SOURCE RECORDS
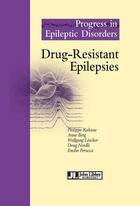 Couverture du livre « Drug-resistant epilepsies » de Kahane/Berg/Los aux éditions John Libbey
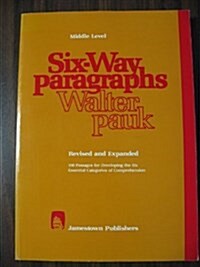 Six Way Paragraphs: Middle Level (Paperback, Rev&Expnd)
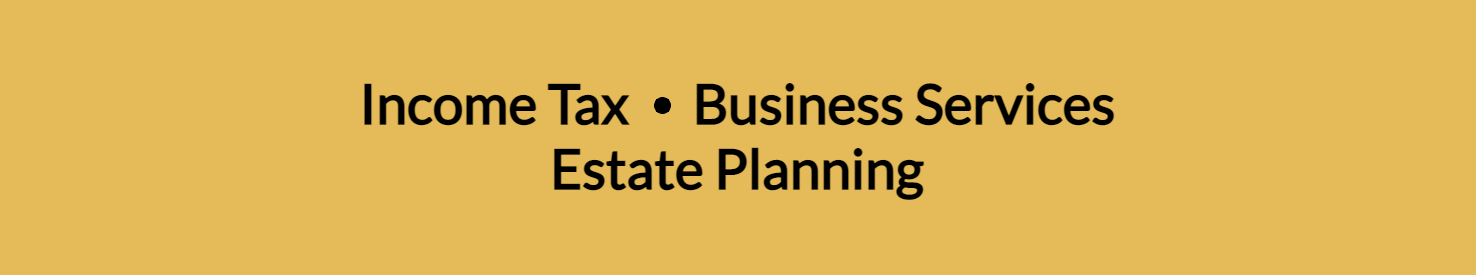 Income Tax, Business Services, Tax & Estate Planning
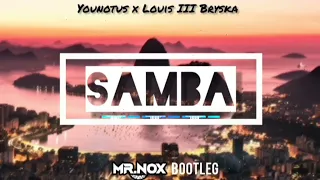 YOUNOTUS × LOUIS III BRYSKA - SAMBA ( MR.NOX BOOTLEG) 2022 #bootleg #remix #samba #bryska #new #song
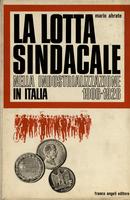 La lotta sindacale nella industrializzazione in Italia 1906-1926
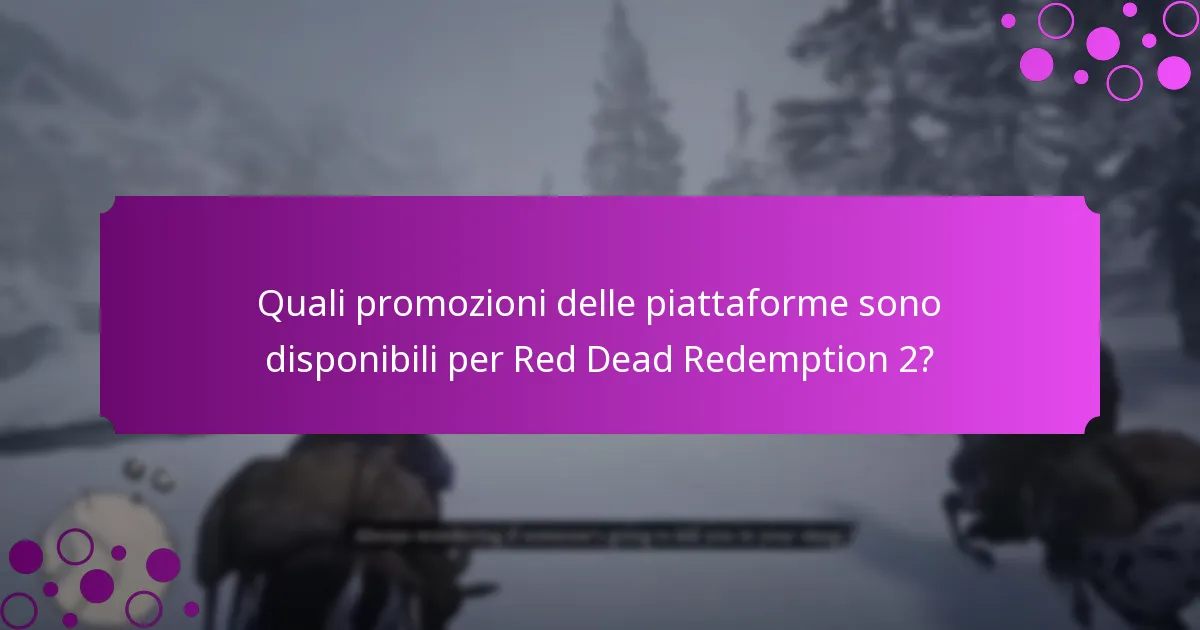 Quali sono le attuali offerte a tempo limitato per Red Dead Redemption 2?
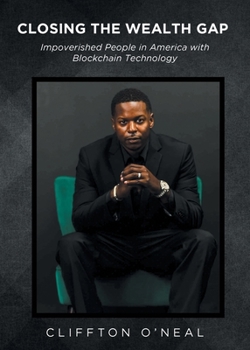 Paperback Closing the Wealth Gap: Impoverished People in America with Blockchain Technology Book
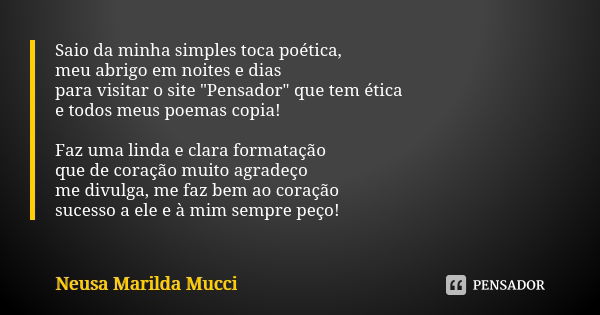 Saio da minha simples toca poética, meu abrigo em noites e dias para visitar o site "Pensador" que tem ética e todos meus poemas copia! Faz uma linda ... Frase de Neusa Marilda Mucci.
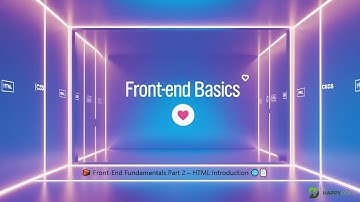 🧱 Front-End Fundamentals Part 2 – HTML Introduction 🌐📄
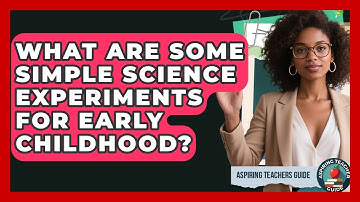 What Are Some Simple Science Experiments For Early Childhood? - Aspiring Teacher Guide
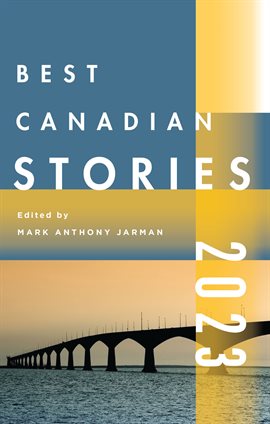 Imagen de portada para Best Canadian Stories 2023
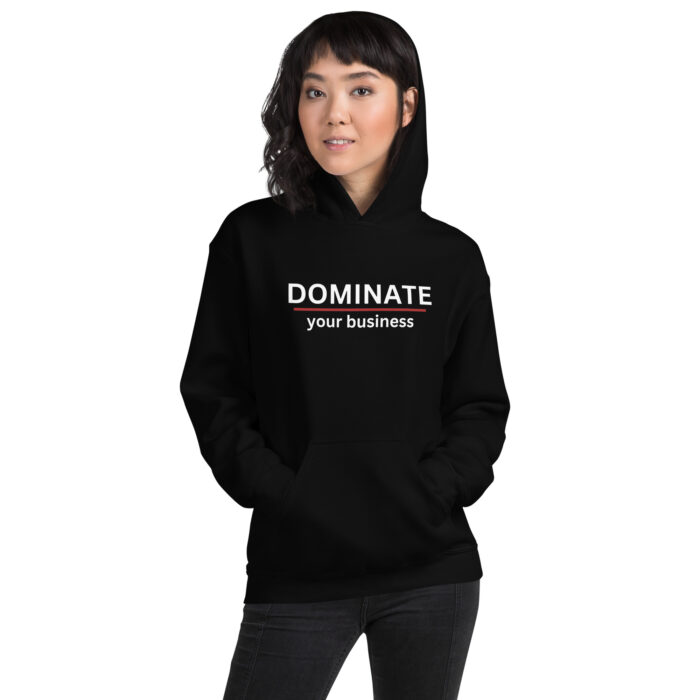 Unisex Hoodie - DOMINATE your business - Image 6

EXERCISE BRIEF
Any images must be left out; transcribe the rest of the material exactly.

EXERCISE RESPONSE
 Couverture du livre « Drug-resistant epilepsies » de Kahane/Berg/Los aux éditions John Libbey
 Six Way Paragraphs: Middle Level (Paperback, Rev&Expnd)
 Income Tax, Business Services, Tax & Estate Planning
 YOUNOTUS × LOUIS III BRYSKA - SAMBA ( MR.NOX BOOTLEG) 2022 #bootleg #remix #samba #bryska #new #song
 La lotta sindacale nella industrializzazione in Italia 1906-1926
 Quali sono le attuali offerte a tempo limitato per Red Dead Redemption 2?
 Paperback Closing the Wealth Gap: Impoverished People in America with Blockchain Technology Book
 Saio da minha simples toca poética, meu abrigo em noites e dias para visitar o site "Pensador" que tem ética e todos meus poemas copia! Faz uma linda ... Frase de Neusa Marilda Mucci.
 🧱 Front-End Fundamentals Part 2 – HTML Introduction 🌐📄
 What Are Some Simple Science Experiments For Early Childhood? - Aspiring Teacher Guide
 Imagen de portada para Best Canadian Stories 2023
 Unisex Hoodie - DOMINATE your business - Image 6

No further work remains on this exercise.